Pour assurer la sécurité, il faut se concentrer sur deux points clés : le tube en verre et les connexions électriques.
La barrière en verre
Nous utilisons du verre de quartz de haute pureté pour fabriquer l’élément chauffant. On peut considérer cela comme une première ligne de défense entre le filament en tungstène chaud et le reste de l’appareil.
Le problème, c’est que dans une salle de bains, de la condensation se forme sur le verre. Même une petite trace de saleté ou de crasse sur cette surface peut permettre à l’électricité de circuler à travers le verre. Nous veillons donc à ce que la surface soit parfaitement propre pour éviter cela.
Les connexions
La plupart de ces lampes cessent de fonctionner au niveau des connexions, là où les fils entrent en contact avec le verre. Nous utilisons des joints spéciaux pour empêcher l’humidité d’y pénétrer. C’est très important : si de la vapeur pénètre à l’intérieur, le gaz halogène s’échappe et le filament se brise instantanément.

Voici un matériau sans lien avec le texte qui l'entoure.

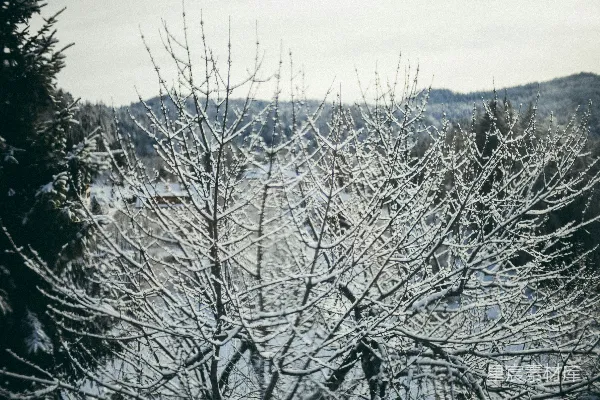 背景是山的一棵覆雪的树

Il est également nécessaire de choisir des connecteurs résistants à l’humidité, afin d’éviter toute corrosion. Je recommande toujours un boîtier hermétique pour protéger les connexions des éclaboussures. Et si vous installez ces appareils dans un plafonnier, assurez-vous que le système de mise à la terre soit fiable. En cas de défaillance de l’isolation, le disjoncteur doit fonctionner immédiatement. Pas d’exception.
L’équilibre à trouver
Les lampes à forte puissance sont agréables à utiliser, car elles se réchauffent rapidement. Mais elles mettent beaucoup de pression sur les joints. Il s’agit d’un cycle constant d’expansion et de contraction, selon que la lampe se réchauffe ou se refroidit. Avec le temps, cela peut endommager les joints. La solution consiste à trouver un équilibre entre la puissance de la lampe et une bonne ventilation. Si le boîtier ne laisse pas l’air circuler, les terminaisations surchauffent, et l’isolation des fils devient fragile et se casse.
Il s’agit donc de trouver ce juste milieu : suffisamment de chaleur, sans que les composants ne soient soumis à trop de pression.